I just go ahead and build the morale improvements on the theory that the planet will get to the point where they need it eventually, and I'm too lazy to go around and switch things at the 0- or 1-turn-left mark.

                    
#19  by Veteran Maxtipherous - 11/7/2003 10:31:28 PM

citahellion

Excellent points. I usually build entertainment network, multimedia center, harmony generator, transporters, on every planet, then use vr center, spin control, and secret police on the lowest planets. I have heard of guys that maintain separate build queues depending on original PQ, and I assume they would be morale-heavy. A lot of management either way, but pumping the taxes makes it more than worthwhile.

                      
#20  by Veteran citahellion - 11/7/2003 11:31:57 PM

On the lower-quality planets, I'll build Transports or Combat Transports instead of building VR Center and other high-maintenance social projects. Funny how drafting billions of people into the Space Marines unconditionally makes the rest of the planet happy....

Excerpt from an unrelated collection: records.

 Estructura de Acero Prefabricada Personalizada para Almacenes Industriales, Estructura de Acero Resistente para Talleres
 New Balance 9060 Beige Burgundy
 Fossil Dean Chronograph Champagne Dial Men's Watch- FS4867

Anyway, it's cheaper to have 5 billion people sitting in a CT rotting without shore leave than it is to build up VR centers and Spin Control. And if I don't even need the troops, sometimes I'll decommission the full transport. No more ship maintenance cost, no buildings to maintain, no outcry from the populace about friendly fire losses.

                    
#21  by Citizen musicfan55 - 11/8/2003 8:49:47 PM

The VR center is 5 bc per turn for 20% morale. The combat transport is 6 bc per turn for taking 5 million people off the planet. If you need the combat transport, then building it on the lowest morale planet seems best. I play "no military" so rarely make combat transports (well every few games to take out a terrorist like Dmer or to speed up a culture bomb game near the end). Thanks for the input.

                          
#22  by Citizen Hermann the Lombard - 11/11/2003 3:04:58 PM

Anyway, it's cheaper to have 5 billion people sitting in a CT rotting without shore leave than it is to build up VR centers and Spin Control. And if I don't even need the troops, sometimes I'll decommission the full transport. No more ship maintenance cost, no buildings to maintain, no outcry from the populace about friendly fire losses.

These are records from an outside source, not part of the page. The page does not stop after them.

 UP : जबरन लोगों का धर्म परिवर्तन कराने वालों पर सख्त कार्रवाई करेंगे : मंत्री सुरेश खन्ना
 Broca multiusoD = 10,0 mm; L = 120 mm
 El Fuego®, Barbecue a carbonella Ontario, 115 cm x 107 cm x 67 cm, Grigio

Not only that, you get a decorative ring around the planet when you space five billion citizens. Up close, the facial expressions are particularly interesting. BWAHAHAHAHAHA

                  
#23  by Citizen GangofMao - 11/11/2003 3:36:36 PM

back to #16's question,i wonder that as well,i'm always spending on espionage/destabilize
and finding if the i-league show-up they seem to flip more evil aliens then usual if i'm
spending higher then my usual on destabilize,of course i make them my friends and give them
all new battle type techs i get for almost nothing,keeps them busy fighting everyone for me,
so i keep researching new techs,but would like to know how much aliens are spending on me as well...


[Message Edited]
                     Posted via Stardock Central
#24  by Citizen Regalis - 11/13/2003 6:50:12 PM

Going back to the original post in this thread...

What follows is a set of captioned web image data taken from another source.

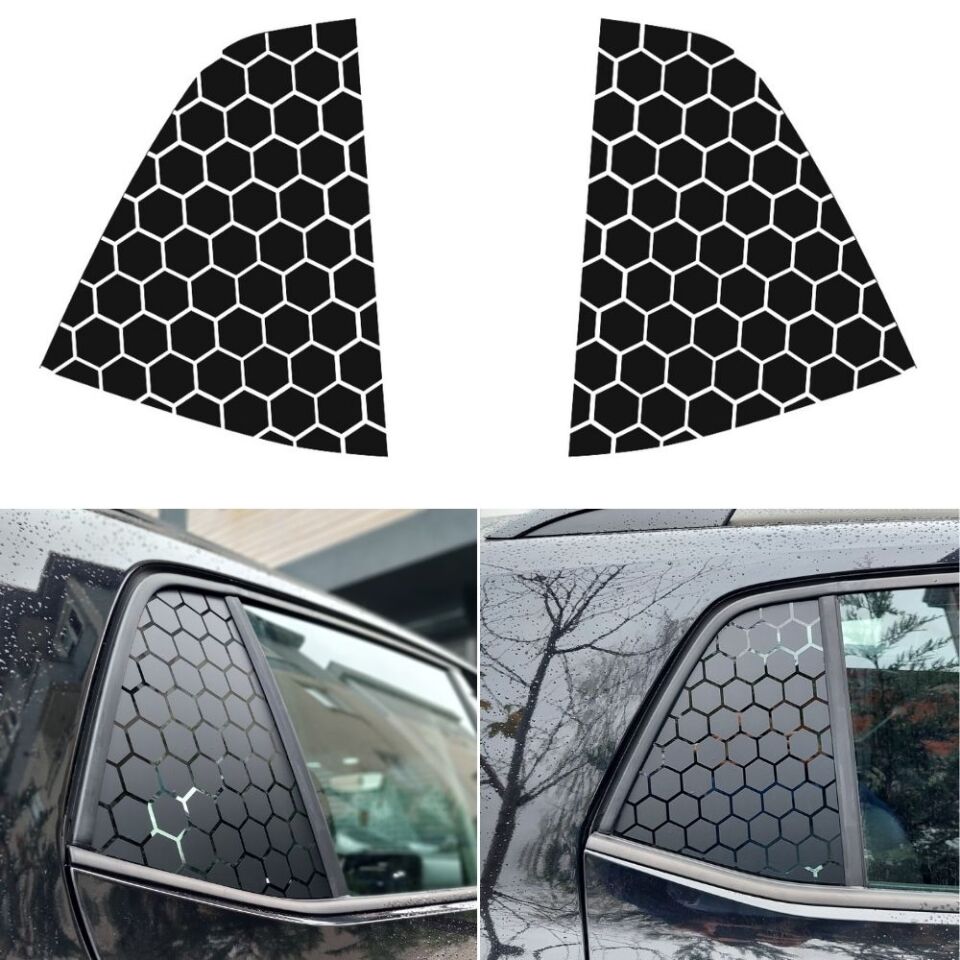 Volkswagen T-ROC Uyumlu Kelebek Cam Sticker Set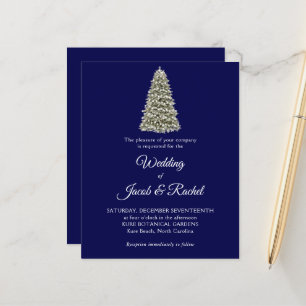 Eleganter Weihnachtsbaum Blue Budget Hochzeit Einl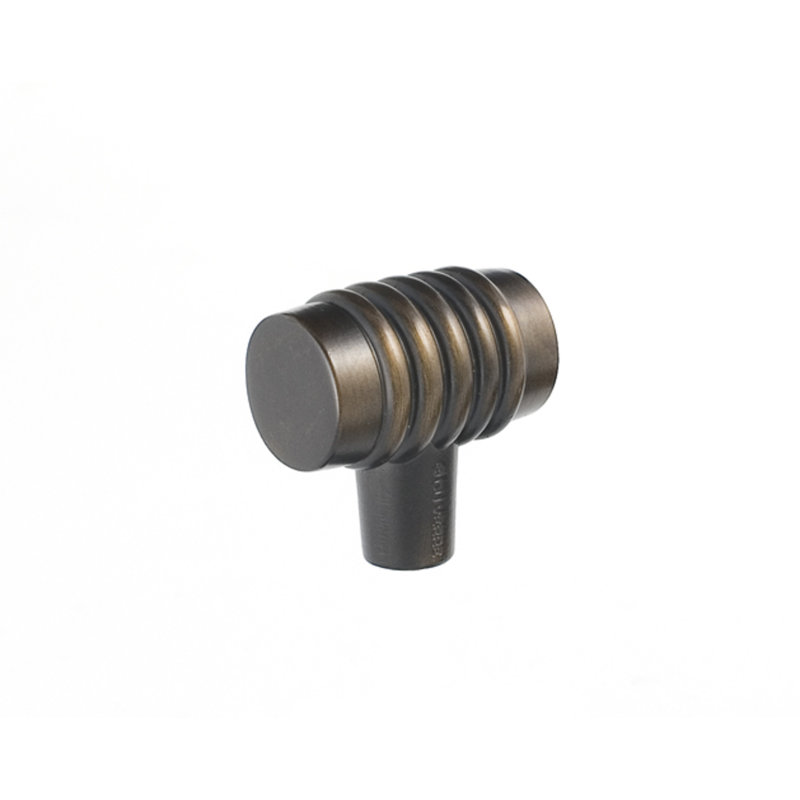 Stacked 1 1/4" Length Knob, Oil Rubbed Bronze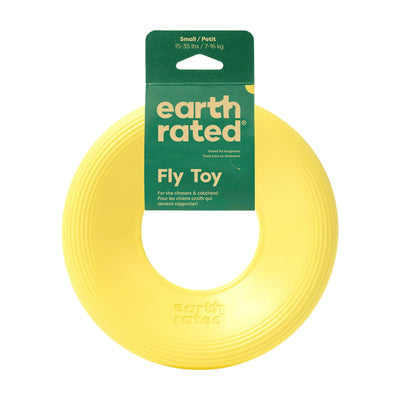 Earth Rated Fly Toy Yellow TPE - каучукова играчка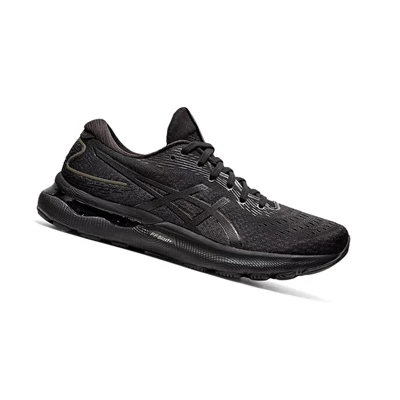 Férfi Asics GEL-NIMBUS 24 Futócipő Fekete Fekete | CTFN86350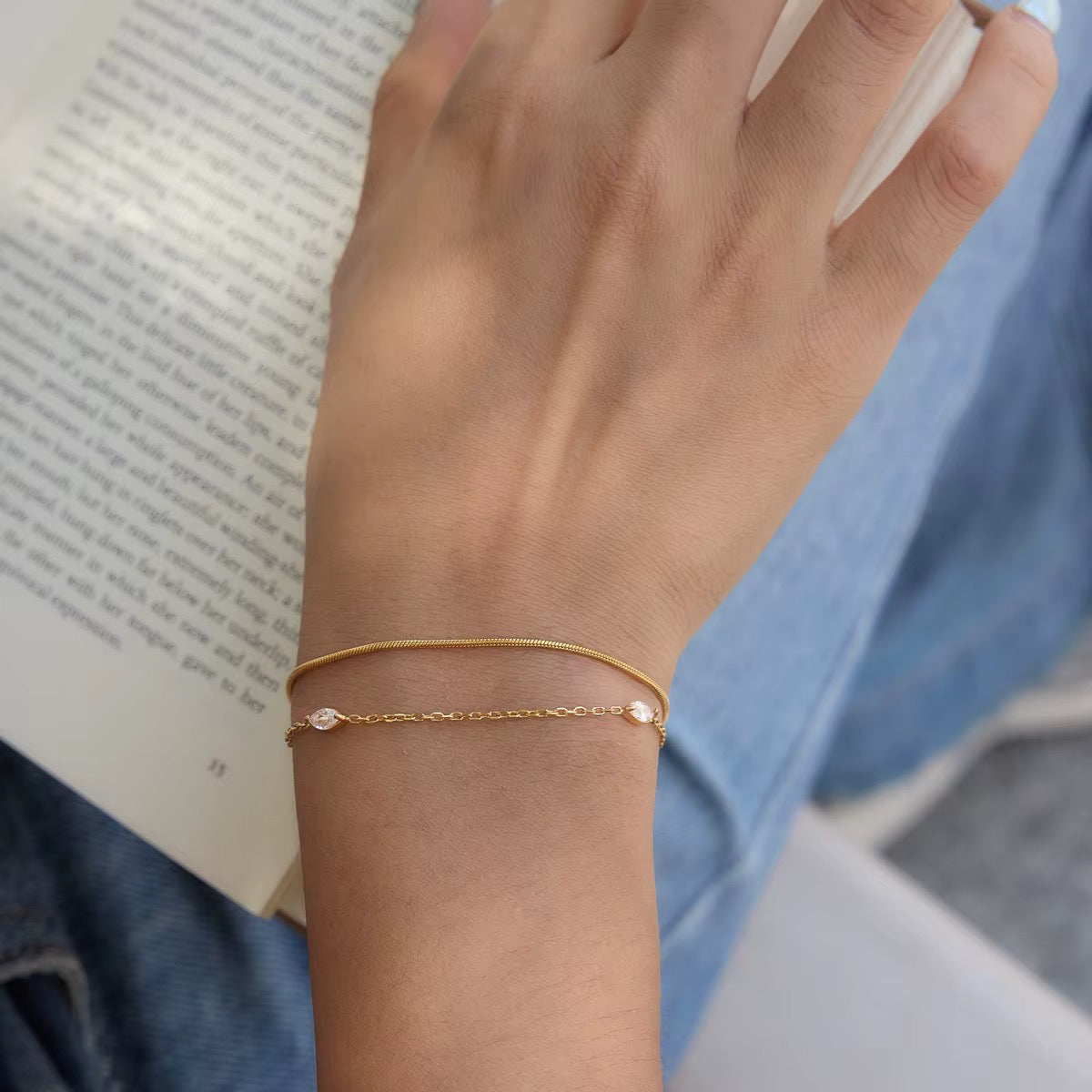 Marquise Duo Bracelet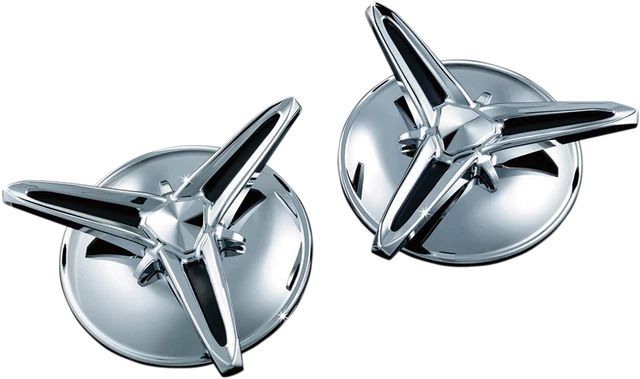 Kuryakyn 1243 Knock-Off Center Caps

They pull their own weight under some circumstances. The former slightly more often than the latter. The higher the planet quality, always and hereafter: PQ, and population, though potentially only to a point, and the less the current overall planetary +economy, hereafter: econ, bonus, the more likely they are going to be to be buoyant. (If someone wants to take the time to make a formula for when to build each "+econ improvement with maintaince", be my guest. The three factors you'd be integrating, I believe, would be PQ, planetary +econ bonus, and the actual tax revenue. The tricky part is you have to figure out the intricacies of the actual tax revenue formula. Meaning you have to track out how morale influences tax revenue.) If you end up being afforded the freedom to buy embassies early on, it is probably worth building them purely on their economic merit on major--high PQ, high population--worlds. When to get rid of them, if you aren't worried about influence, is another matter entirely.

On to the second part, the revenue soft-cap is applied after the +econ bonus is factored in. After the final revenue from a planet exceeds double the PQ there is a minute penalty to income; however, once you reach 4xPQ, the penalty to further income is very noticable.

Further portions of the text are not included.